By: Zach Strauch
In front of an overflow crowd at the newly-built U.S. Bank Stadium in Minneapolis on Monday night, the Vikings trotted to the home sideline. The visiting New York Giants, who had just suffered a crippling home loss to the Redskins the previous week, maneuvered to the visitor’s side.
No Teddy Bridgewater. No Adrian Peterson. Still, even despite the two absences, the Vikings sat atop the tumultuous NFC North at 4-0. Two convincing wins against the Packers and Panthers, respectively, added evidence to the opinion that Minnesota was exceeding expectations.
Sam Bradford was finally paying dividends for a team, and he continued to yield quality play against an above-average Giants defense. One touchdown, no interceptions and 262 yards passing was paired with a stout defensive showing and a calculated performance from Jerrick McKinnon, Peterson’s replacement in the backfield, to produce another victory for the Vikings, who play host to Houston on Sunday.
Why has Minnesota been impenetrable in the early going? It hasn’t been a soft schedule. It definitely can’t be credited to good health. It’s probably not the new home in the Twin Cities, although that could be part of it. What, then, could it be?
First, Mike Zimmer, who’s in his third season as Minnesota’s head coach, has excelled in working alongside General Manager Rick Spielman to build a safety net into the Vikings. When Peterson was injured in the third quarter of the team’s inaugural home victory over Green Bay in Week 2, McKinnon and Matt Asiata, who both scored rushing touchdowns in Monday’s victory over New York, were ready to step in. When Bridgewater was lost before the season started, Shaun Hill was able to learn the ropes and lead the Vikings to a road victory over Tennessee in the opening week of the campaign. And the subsequent transition to Bradford has been seamless to this point.
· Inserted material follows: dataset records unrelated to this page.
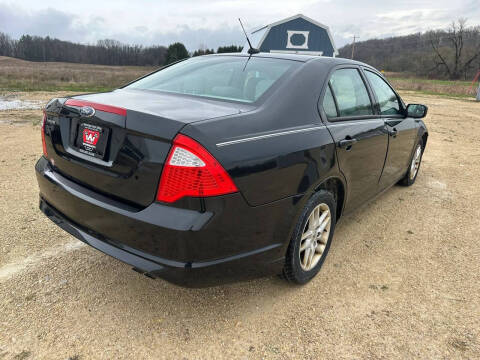 2012 Ford Fusion S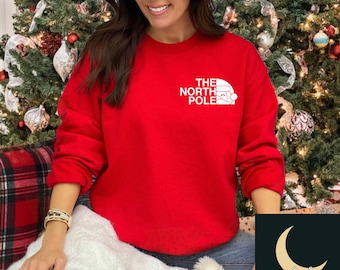 THE NORTH POLE Graphic Sweatshirt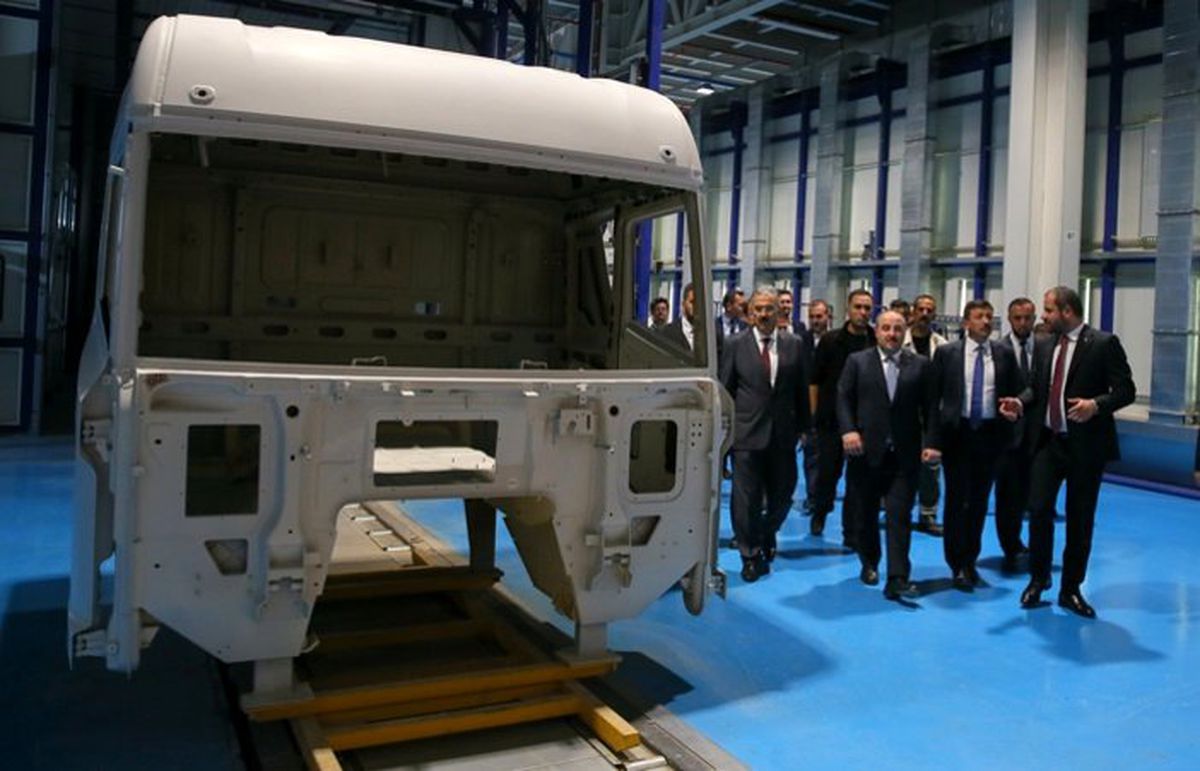Bakan Varank\'tan, BMC\'nin Pınarbaşı tesislerine ziyaret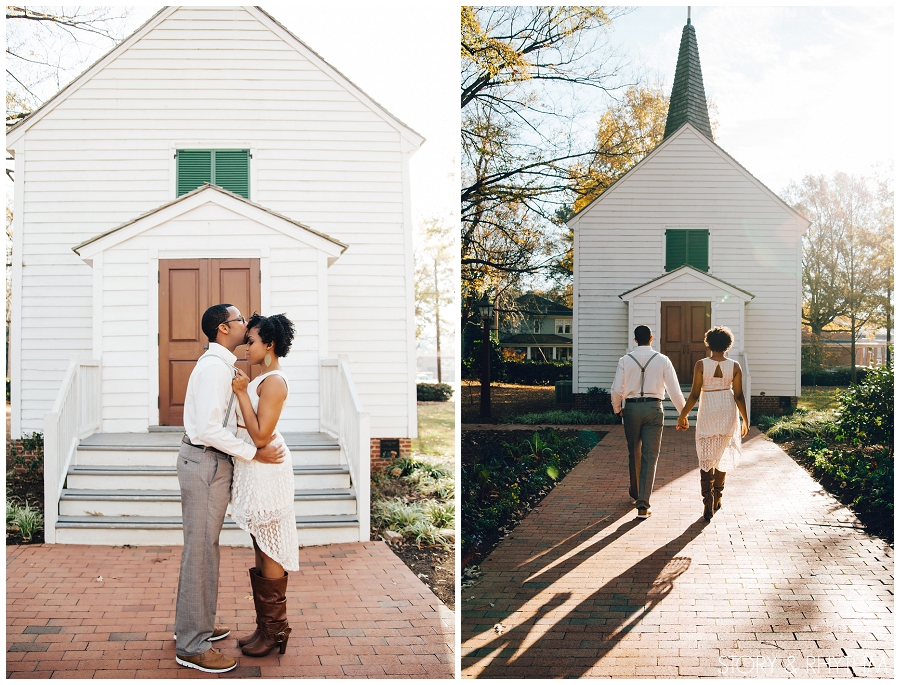 Mordecai House wedding photos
Second, the gravitas possessed by and the tirelessness of Spielman, who traded several hours of sleep, a 2017 first-round pick and a 2018 fourth-round pick to Philadelphia for Bradford in early September, have been invaluable. Being friends with Howie Roseman, general manager for the Eagles, hasn’t failed him either. And so far, the last-minute deal has worked for both teams. Neither has lost a game, and Philadelphia has likely found its quarterback of the future in Carson Wentz.
And third, the tough, gritty and unwavering defensive unit for Minnesota is performing at an unprecedented level. The Vikings are second only to Denver in sacks with a staggering 15 through the first quarter of the season. And they rank eighth in team defense, allowing 306 yards per game.
Does all of this make the Vikings the best team in the NFC?
If they stay healthy, potentially. But that’s a massive “if.”
Bradford’s health specifically has been a substantial liability throughout his seven-year career, especially in his rocky St. Louis days. His left ACL has been injured twice, causing him to miss a significant portion of the 2013 season and all of 2014. A concussion and left shoulder injury hindered him in 2015, forcing him to miss two critical games for Philadelphia.
And losing Peterson, a seven-time Pro Bowler, former MVP and three-time NFL rushing yards leader, has already set the Vikings back. He has been an integral part of Minnesota’s offense for years, and he was centrifuge to last season’s division title run.
But so far, Minnesota has done a masterful job of recovering.
And they’re more than capable of building on their early triumphs.
With the Eagles, Falcons and Rams also off to scorching starts, the Vikings will have to keep pace if they hope to maintain a top slot in the NFC playoff picture. And Aaron Rodgers and the Packers can’t be ignored.
Make no mistake, though. The Vikings will go as far as Sam Bradford takes them. If he’s still standing after Minnesota’s final game of the season, a Jan. 1 home date with Chicago, expect the rest of his team to be right there with him.
Some of the first words he spoke to Spielman after arriving at team headquarters were, “I’ve got to get to work.”
Truer words have never been spoken. He has a long workday ahead.